__Prompt__: Taking the line with "Jld1727 Jean Louis" as the first, copy every line through the end of the records below exactly. Do not include pictures.

__Materials provided__:

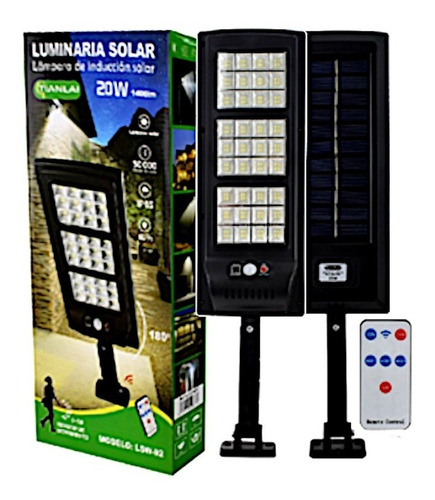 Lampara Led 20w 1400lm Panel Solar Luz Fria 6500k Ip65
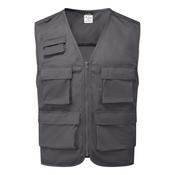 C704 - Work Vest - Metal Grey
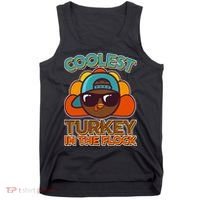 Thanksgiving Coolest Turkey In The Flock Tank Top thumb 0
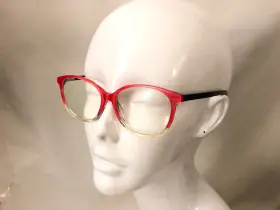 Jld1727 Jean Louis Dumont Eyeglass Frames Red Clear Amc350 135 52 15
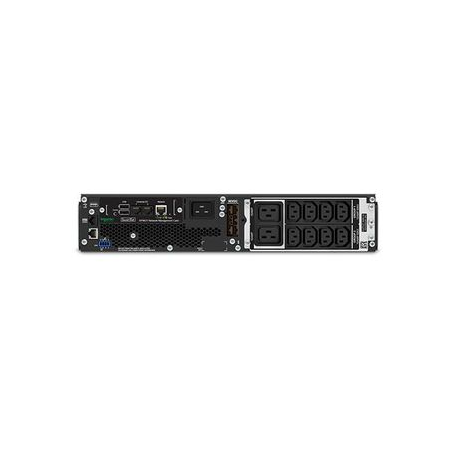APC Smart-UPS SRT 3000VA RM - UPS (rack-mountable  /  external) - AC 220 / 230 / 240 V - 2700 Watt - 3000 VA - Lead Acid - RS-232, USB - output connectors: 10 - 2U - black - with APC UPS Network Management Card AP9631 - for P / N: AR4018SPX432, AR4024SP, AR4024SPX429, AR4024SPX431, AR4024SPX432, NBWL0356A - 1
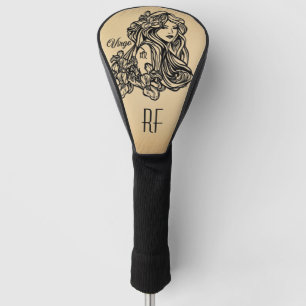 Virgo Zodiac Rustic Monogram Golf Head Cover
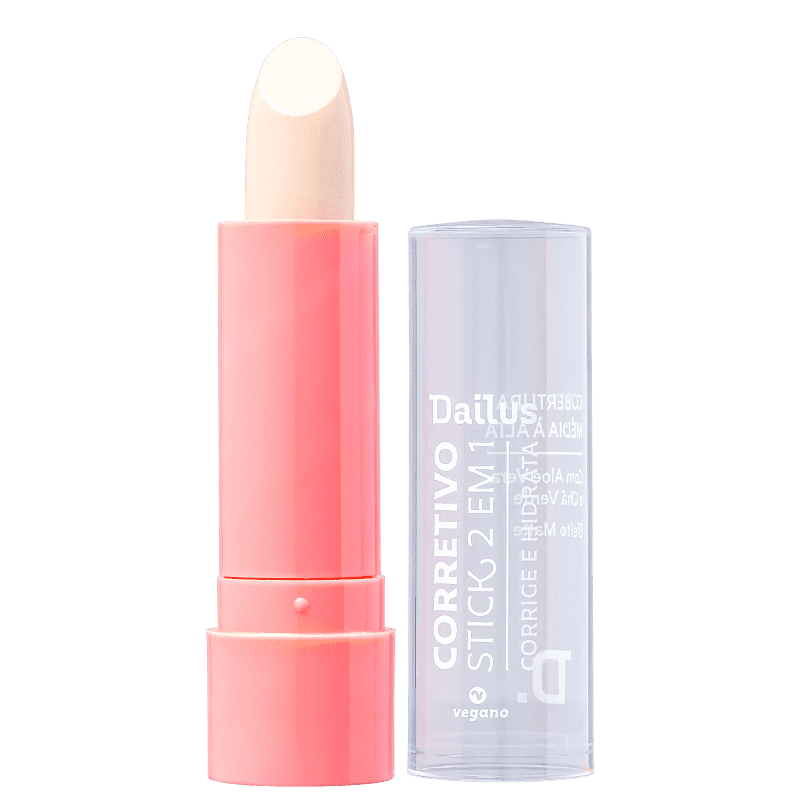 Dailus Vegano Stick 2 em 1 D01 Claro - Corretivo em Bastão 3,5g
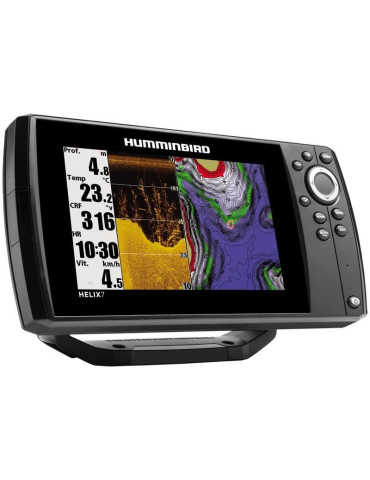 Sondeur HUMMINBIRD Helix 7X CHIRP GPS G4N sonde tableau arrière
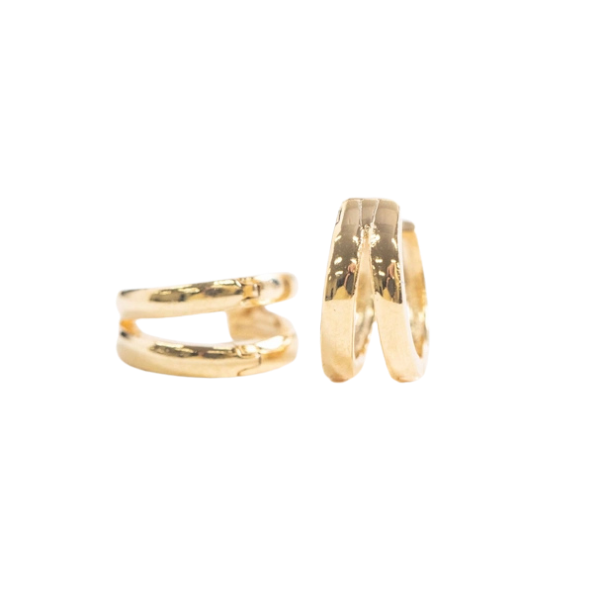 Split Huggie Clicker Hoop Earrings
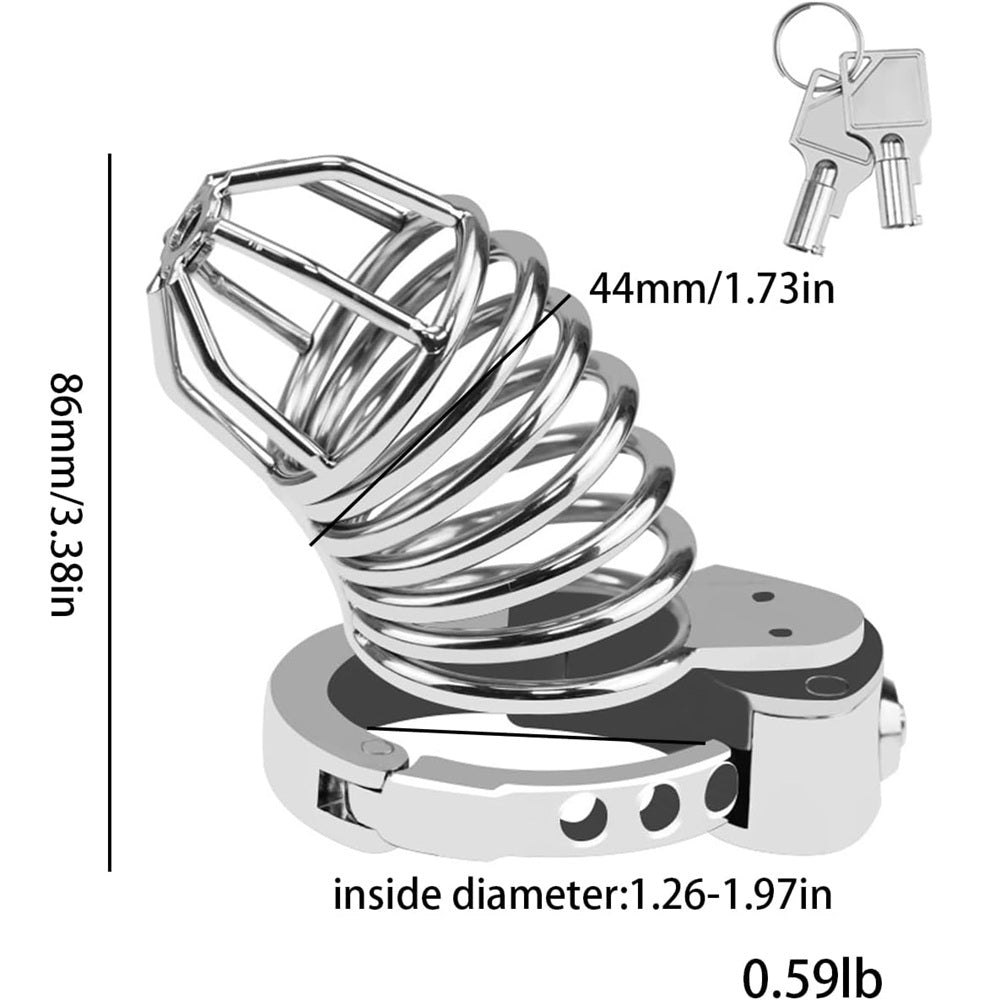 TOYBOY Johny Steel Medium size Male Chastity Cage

__Output for this task__:
 Jld1727 Jean Louis Dumont Eyeglass Frames Red Clear Amc350 135 52 15
APC Smart-UPS SRT 3000VA RM - UPS (rack-mountable  /  external) - AC 220 / 230 / 240 V - 2700 Watt - 3000 VA - Lead Acid - RS-232, USB - output connectors: 10 - 2U - black - with APC UPS Network Management Card AP9631 - for P / N: AR4018SPX432, AR4024SP, AR4024SPX429, AR4024SPX431, AR4024SPX432, NBWL0356A - 1
 Virgo Zodiac Rustic Monogram Golf Head Cover
 Dailus Vegano Stick 2 em 1 D01 Claro - Corretivo em Bastão 3,5g
 Sondeur HUMMINBIRD Helix 7X CHIRP GPS G4N sonde tableau arrière
 Split Huggie Clicker Hoop Earrings
 TOYBOY Johny Steel Medium size Male Chastity Cage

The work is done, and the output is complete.